April 9, 2020

Employment Law

Workplace Safety in the Age of COVID-19

While the COVID-19 pandemic felt like a sudden takeover, putting millions of U.S. workers at risk, employers still have a duty to ensure workplace safety for their employees. Those in essential roles, especially on the front lines in healthcare and emergency services, continue to face risks and workplace hazards. If you are an employee who has faced dangerous working conditions, it is important to know your rights and to protect yourself in the wake of the coronavirus.

Minneapolis and St. Paul COVID-19 Employee Rights Lawyers

Minnesota employment laws and local employment regulations are shifting quickly to address COVID-19 and its impact on employers as well as employees.

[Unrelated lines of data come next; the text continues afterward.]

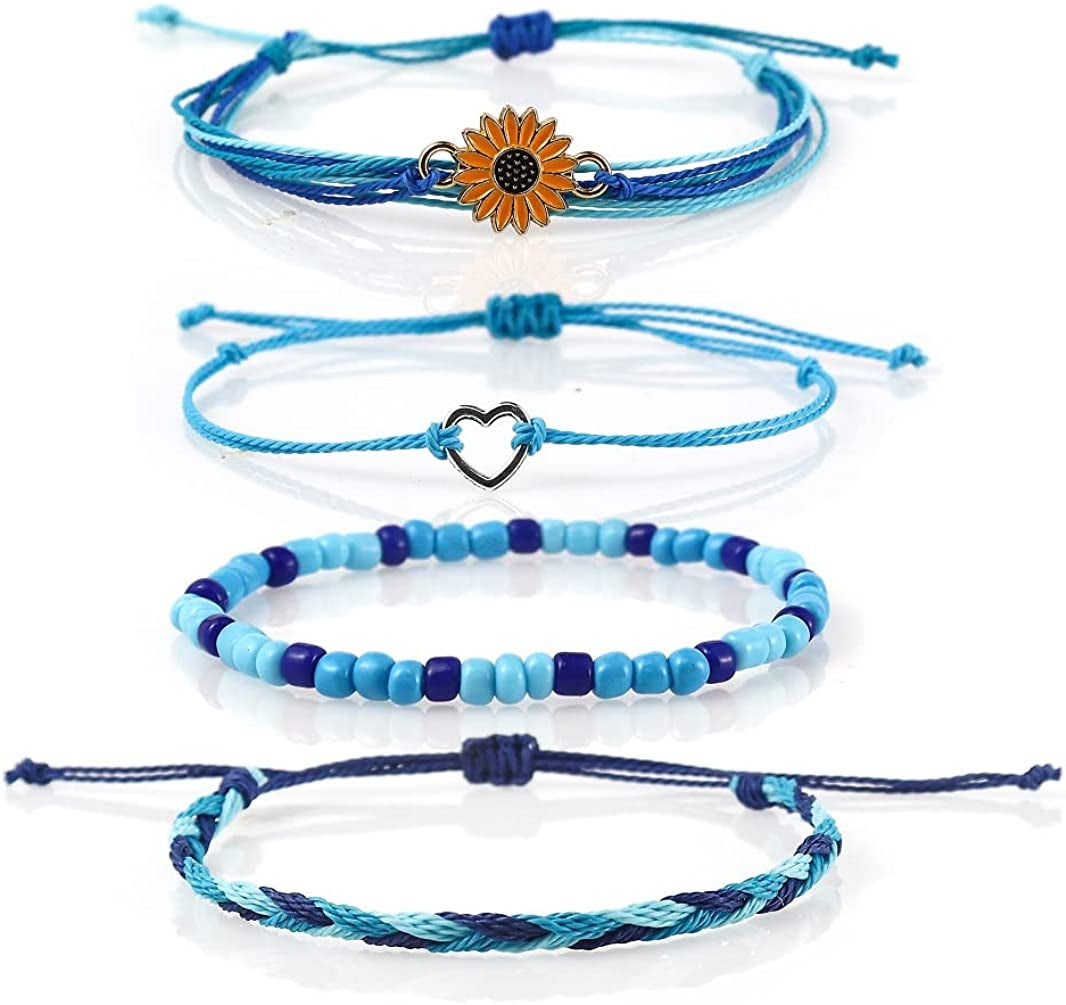 Caiyao 4 Pcs Summer Surfer Wave Anklet Bracelets Adjustable Strand Braided String Rope Bracelets Waterproof Handmade Sunflower Bracelets Anklets Jewelry for Women Teen Girls Apparel & Accessories > Jewelry > Anklets InShine heart blue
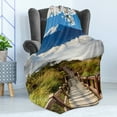 thumbnail image 4 of Nature Soft Flannel Fleece Blanket, Cloudy Mountain Valley Road Spring Paradise Inspirational Peaceful High Tops Scenery, Cozy Plush for Indoor and Outdoor Use, 70" x 90", Multicolor, by Ambesonne, 4 of 5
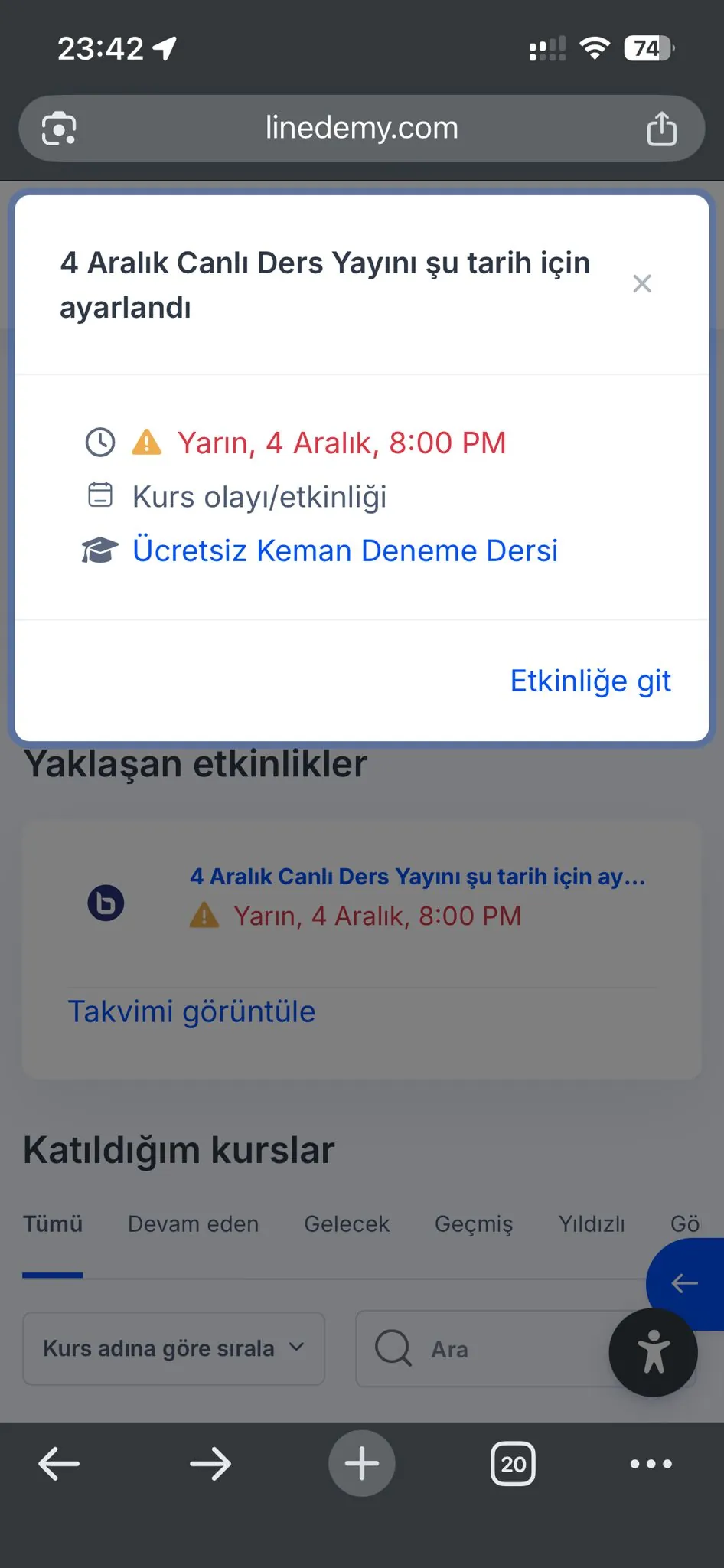 Yaklaşan etkinlikler bölümünde Takvimi görüntüle bağlantısı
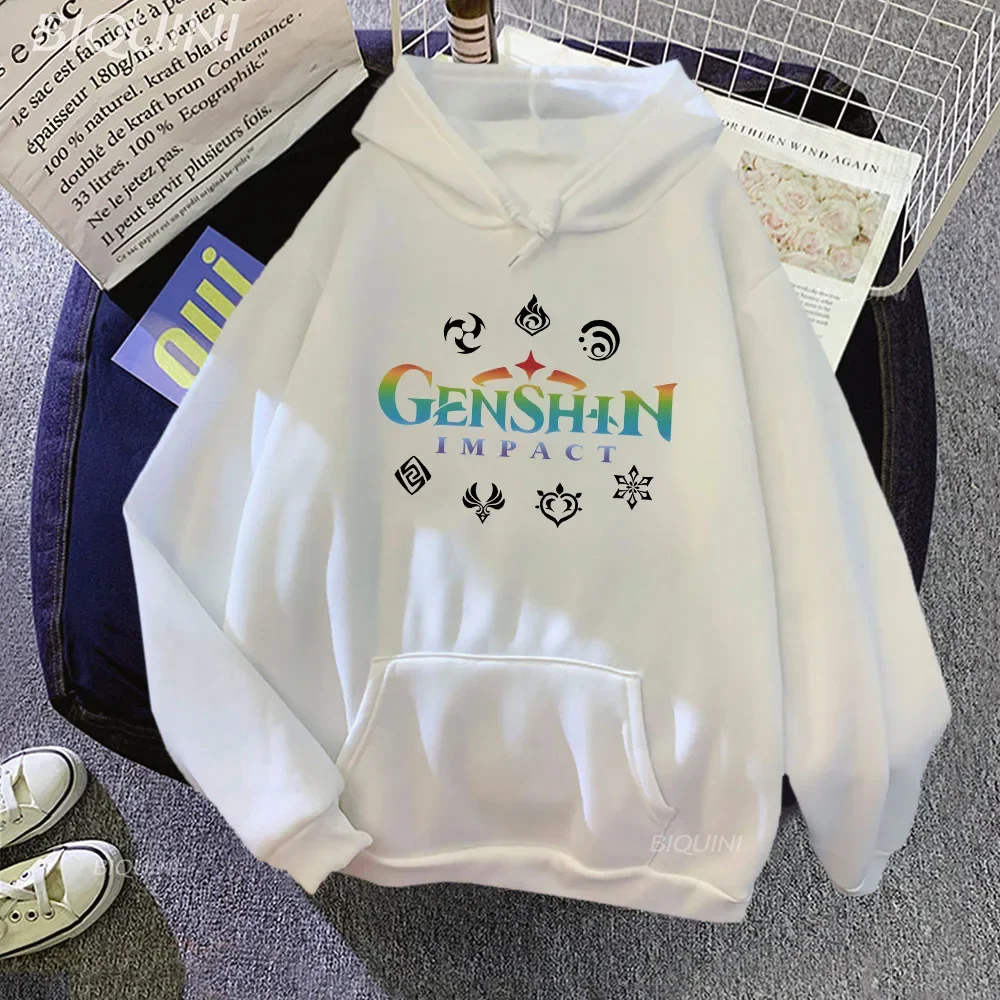 Genshin Impact Hoodie Game Anime Print Loose Pocket Seven Elements Harajuku Winter Clothes Sweatshirt Korean Style Pullover Wram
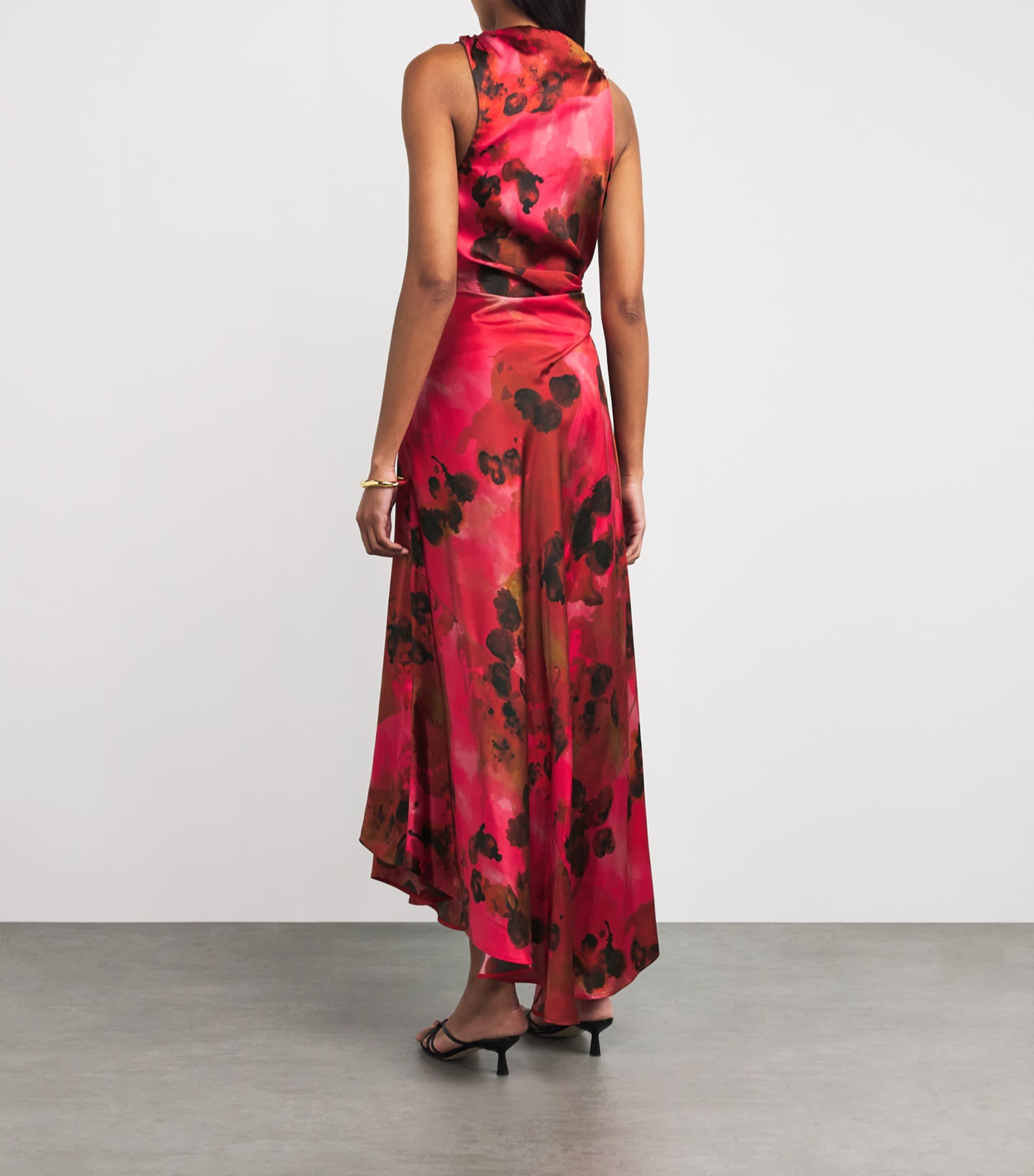 パーティードレス Victoria Beckham Draped Midi Dress Red VICTORIA BECKHAM Gathered crepe midi dress | NET-A-PORTER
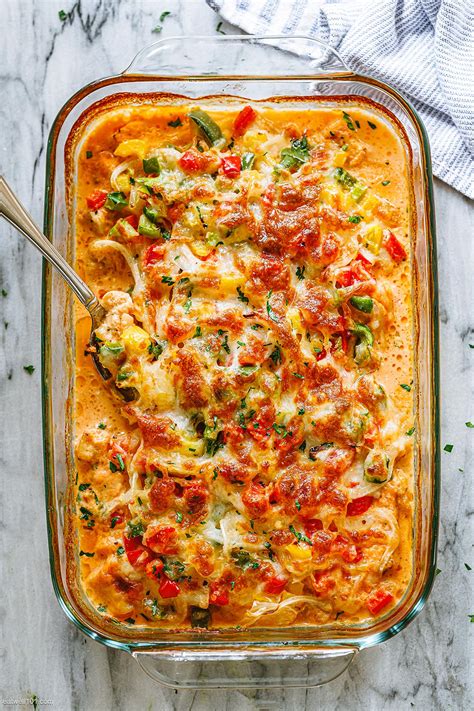 You could make fresh spanish rice to use in the casserole, or save time and use. Creamy Baked Fajita Chicken Casserole Recipe - Baked ...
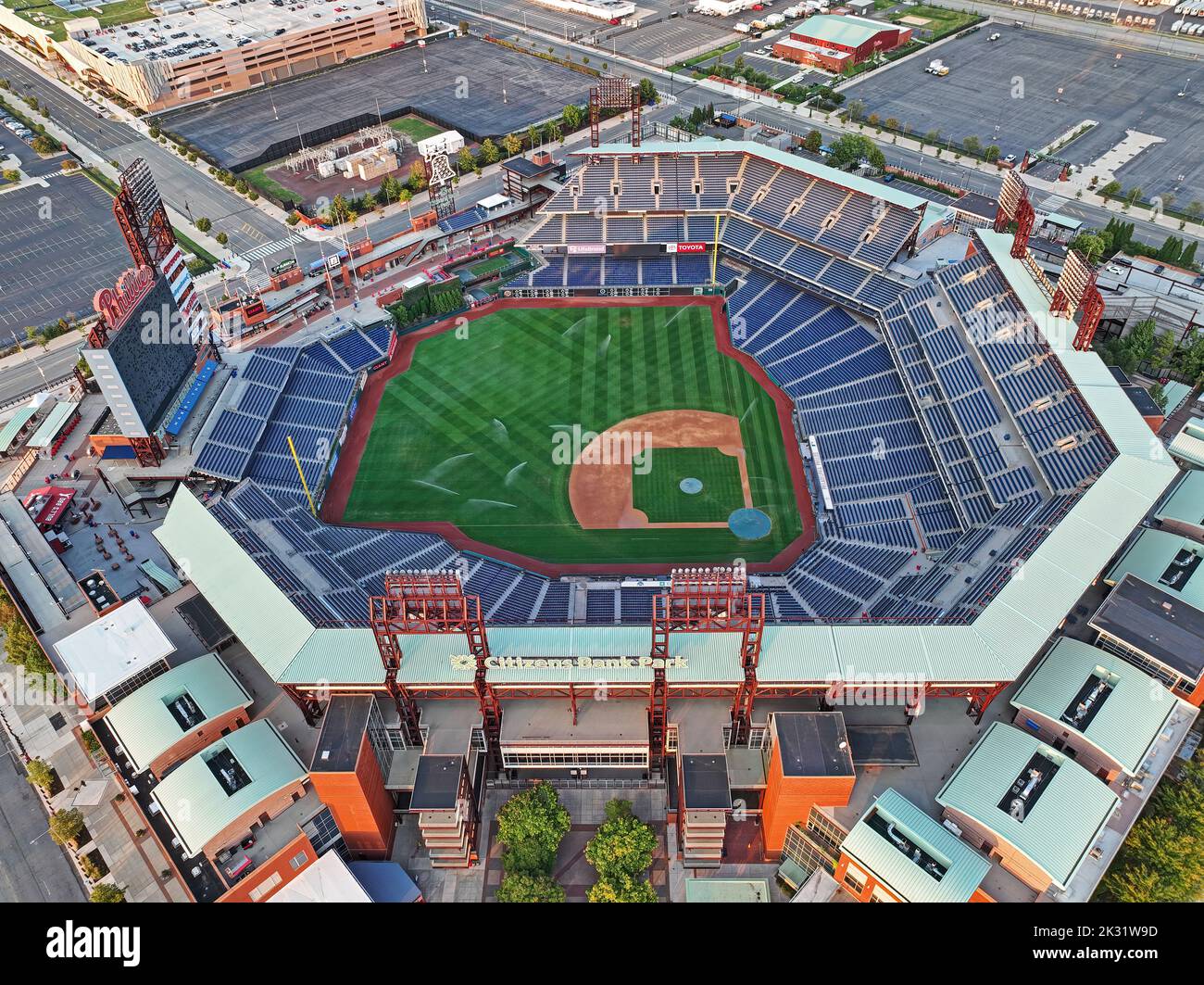 Vista aerea di Empty Citizens Bank Park Philadelphia Foto Stock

Our firm is staying abreast of this rapidly changing situation by continually monitoring the CDC website, state and local government enforcement of laws, as well as the Congressional action to meet the needs of our clients during these extraordinary times. As such, we will continue to be a reliable source of qualified legal counsel and will provide you with the information you need to protect your rights as an employee.

Minnesota “Non-Essential” Workers Continue Stay-at-Home Order Through May 3, 2020

On April 8, 2020, Governor Tim Walz issued Executive Order 20-33 directing all non-critical Minnesota workers to stay at home through end of day May 3, 2020 (effectively extending Walz’s original stay-at-home order which went into effect March 27, 2020). According to the order, “all persons currently living within the State of Minnesota are ordered to stay at home or in their place of residence except to engage in the Activities and Critical Sector work.” The order does not restrict virtual work or telework and, when possible, Minnesotans, including Critical Sector workers, are encouraged to work from home when possible. Details about this Order and Critical Sector workers can be found here.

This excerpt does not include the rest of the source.